Required work: Beginning with the line that contains "Hotel Pulitzer Paris" in the material below, print each line exactly until the line that contains "ISO Scrape Abrasion Tester | 413" has been printed, then stop.

======== Dataset content ========

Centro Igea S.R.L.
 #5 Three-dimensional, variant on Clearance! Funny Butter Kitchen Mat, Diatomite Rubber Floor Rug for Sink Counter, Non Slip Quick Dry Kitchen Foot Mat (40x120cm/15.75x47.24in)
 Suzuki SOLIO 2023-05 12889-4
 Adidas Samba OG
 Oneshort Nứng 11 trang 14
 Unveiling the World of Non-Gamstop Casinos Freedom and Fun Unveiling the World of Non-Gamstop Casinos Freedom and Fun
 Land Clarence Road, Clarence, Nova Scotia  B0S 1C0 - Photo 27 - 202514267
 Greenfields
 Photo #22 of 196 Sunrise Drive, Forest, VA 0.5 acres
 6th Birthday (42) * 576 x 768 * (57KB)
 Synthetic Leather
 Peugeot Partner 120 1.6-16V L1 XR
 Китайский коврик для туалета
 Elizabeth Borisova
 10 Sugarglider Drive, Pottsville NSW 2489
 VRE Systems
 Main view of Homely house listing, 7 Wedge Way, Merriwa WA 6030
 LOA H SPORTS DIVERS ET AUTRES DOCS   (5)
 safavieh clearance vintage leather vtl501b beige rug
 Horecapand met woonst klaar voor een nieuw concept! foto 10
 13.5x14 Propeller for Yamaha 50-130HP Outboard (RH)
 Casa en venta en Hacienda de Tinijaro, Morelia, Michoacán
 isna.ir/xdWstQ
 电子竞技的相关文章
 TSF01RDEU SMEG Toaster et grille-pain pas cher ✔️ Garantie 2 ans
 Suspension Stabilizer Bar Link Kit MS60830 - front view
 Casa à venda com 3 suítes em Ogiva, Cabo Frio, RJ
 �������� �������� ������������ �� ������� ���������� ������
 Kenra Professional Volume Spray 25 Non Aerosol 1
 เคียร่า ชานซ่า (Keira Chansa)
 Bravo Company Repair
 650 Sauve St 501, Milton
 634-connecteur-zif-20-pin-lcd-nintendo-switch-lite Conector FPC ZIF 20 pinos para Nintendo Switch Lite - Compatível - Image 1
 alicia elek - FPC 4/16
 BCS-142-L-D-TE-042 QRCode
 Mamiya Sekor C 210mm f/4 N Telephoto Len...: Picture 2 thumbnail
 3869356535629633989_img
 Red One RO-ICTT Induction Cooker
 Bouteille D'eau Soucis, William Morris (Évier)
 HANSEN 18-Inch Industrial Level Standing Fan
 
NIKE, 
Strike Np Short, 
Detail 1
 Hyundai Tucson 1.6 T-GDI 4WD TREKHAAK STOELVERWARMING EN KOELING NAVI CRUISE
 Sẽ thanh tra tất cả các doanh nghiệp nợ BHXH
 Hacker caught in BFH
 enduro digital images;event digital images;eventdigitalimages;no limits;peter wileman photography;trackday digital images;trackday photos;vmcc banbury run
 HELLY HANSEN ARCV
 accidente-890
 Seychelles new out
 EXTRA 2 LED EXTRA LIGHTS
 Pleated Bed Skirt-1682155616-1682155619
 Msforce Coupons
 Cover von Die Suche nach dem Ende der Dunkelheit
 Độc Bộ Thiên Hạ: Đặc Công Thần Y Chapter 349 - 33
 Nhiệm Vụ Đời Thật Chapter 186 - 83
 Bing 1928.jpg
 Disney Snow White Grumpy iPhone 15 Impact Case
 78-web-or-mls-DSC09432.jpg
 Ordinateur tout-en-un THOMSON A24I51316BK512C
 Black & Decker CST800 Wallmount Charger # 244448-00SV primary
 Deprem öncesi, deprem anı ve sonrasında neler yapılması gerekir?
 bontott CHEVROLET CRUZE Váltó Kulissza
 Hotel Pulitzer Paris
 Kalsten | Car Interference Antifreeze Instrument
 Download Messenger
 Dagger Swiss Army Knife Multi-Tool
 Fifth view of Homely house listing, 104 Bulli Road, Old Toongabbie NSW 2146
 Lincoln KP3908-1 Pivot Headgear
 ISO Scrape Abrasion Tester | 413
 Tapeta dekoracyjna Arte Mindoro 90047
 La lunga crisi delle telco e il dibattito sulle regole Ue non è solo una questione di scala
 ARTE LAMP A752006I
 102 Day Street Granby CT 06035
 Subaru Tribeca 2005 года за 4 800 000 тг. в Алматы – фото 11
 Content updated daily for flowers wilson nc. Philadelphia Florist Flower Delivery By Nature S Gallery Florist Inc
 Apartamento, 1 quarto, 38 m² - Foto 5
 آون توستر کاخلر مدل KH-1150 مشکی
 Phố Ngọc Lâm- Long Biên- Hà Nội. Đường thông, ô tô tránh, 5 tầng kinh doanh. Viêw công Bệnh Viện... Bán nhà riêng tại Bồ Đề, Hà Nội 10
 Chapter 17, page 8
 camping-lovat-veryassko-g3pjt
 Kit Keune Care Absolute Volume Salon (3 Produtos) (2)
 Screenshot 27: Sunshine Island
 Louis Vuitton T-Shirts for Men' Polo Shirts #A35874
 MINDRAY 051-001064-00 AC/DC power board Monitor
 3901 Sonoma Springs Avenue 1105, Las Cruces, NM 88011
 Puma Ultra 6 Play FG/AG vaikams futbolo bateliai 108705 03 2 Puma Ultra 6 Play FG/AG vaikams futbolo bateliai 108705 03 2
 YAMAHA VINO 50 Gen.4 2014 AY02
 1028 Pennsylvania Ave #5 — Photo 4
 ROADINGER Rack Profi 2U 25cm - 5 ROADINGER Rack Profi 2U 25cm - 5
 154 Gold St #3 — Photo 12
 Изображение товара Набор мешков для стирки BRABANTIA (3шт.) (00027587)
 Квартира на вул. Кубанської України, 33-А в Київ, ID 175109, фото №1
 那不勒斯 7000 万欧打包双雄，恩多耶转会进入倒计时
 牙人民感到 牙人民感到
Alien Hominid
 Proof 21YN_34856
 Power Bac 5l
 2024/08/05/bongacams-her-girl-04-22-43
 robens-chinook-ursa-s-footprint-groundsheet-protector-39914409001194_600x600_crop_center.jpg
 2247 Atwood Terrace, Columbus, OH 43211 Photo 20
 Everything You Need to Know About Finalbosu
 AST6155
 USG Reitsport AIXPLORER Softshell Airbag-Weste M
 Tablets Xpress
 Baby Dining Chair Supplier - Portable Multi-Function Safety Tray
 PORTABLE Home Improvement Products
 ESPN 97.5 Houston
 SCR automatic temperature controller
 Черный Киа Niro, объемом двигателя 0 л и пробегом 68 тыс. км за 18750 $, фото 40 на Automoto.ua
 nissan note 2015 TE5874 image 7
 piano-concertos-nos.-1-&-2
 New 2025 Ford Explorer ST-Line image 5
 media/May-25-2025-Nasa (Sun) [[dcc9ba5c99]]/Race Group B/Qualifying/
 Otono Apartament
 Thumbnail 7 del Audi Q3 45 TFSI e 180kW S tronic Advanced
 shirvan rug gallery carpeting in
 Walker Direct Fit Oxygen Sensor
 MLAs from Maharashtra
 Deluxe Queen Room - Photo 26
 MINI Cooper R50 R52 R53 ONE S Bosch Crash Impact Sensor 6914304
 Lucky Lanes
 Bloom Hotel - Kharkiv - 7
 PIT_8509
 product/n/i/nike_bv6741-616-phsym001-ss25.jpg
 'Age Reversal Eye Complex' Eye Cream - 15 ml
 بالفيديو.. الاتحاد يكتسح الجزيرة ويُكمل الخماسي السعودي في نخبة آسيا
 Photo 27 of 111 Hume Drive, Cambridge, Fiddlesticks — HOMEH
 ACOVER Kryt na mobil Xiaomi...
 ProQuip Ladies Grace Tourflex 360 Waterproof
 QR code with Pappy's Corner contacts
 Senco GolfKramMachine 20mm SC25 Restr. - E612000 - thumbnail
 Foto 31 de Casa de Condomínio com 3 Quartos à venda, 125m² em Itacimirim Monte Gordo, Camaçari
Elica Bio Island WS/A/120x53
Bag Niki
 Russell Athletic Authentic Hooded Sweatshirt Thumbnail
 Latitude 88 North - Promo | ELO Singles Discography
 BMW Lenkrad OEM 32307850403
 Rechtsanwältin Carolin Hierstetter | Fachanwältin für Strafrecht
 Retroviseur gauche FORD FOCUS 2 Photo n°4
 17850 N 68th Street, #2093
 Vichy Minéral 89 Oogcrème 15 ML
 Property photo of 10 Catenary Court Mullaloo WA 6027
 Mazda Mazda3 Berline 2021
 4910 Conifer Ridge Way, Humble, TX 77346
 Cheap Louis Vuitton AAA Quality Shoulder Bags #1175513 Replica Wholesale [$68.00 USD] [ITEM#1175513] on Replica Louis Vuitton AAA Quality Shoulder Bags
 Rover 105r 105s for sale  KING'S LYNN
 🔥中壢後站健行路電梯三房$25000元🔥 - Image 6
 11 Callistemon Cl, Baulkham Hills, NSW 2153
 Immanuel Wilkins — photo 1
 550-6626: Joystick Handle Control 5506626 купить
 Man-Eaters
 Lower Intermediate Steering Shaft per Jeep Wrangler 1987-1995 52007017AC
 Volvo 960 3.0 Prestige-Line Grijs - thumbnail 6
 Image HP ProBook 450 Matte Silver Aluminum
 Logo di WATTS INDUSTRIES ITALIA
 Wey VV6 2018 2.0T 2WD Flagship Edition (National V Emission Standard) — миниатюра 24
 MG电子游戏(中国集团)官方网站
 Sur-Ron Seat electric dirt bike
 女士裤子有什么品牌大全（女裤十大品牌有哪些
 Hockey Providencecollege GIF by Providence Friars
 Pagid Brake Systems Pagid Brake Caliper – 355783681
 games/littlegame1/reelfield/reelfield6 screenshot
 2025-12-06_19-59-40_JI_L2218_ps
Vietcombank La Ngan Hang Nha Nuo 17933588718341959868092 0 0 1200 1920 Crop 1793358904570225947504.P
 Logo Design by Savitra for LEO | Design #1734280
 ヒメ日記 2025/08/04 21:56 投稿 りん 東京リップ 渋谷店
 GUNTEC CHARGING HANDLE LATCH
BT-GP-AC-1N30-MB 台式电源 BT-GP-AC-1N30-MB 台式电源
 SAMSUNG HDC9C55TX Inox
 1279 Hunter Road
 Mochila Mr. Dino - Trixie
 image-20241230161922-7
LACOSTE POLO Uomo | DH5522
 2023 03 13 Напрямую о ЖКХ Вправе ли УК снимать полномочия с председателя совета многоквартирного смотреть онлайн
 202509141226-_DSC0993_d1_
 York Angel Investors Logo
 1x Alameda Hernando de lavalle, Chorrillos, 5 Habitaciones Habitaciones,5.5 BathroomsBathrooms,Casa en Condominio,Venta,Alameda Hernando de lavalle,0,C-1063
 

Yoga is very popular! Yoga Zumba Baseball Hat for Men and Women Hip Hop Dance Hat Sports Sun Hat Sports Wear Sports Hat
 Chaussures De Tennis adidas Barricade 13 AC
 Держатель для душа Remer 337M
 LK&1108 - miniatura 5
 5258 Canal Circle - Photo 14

========

Answer box:
 Hotel Pulitzer Paris
 Kalsten | Car Interference Antifreeze Instrument
 Download Messenger
 Dagger Swiss Army Knife Multi-Tool
 Fifth view of Homely house listing, 104 Bulli Road, Old Toongabbie NSW 2146
 Lincoln KP3908-1 Pivot Headgear
 ISO Scrape Abrasion Tester | 413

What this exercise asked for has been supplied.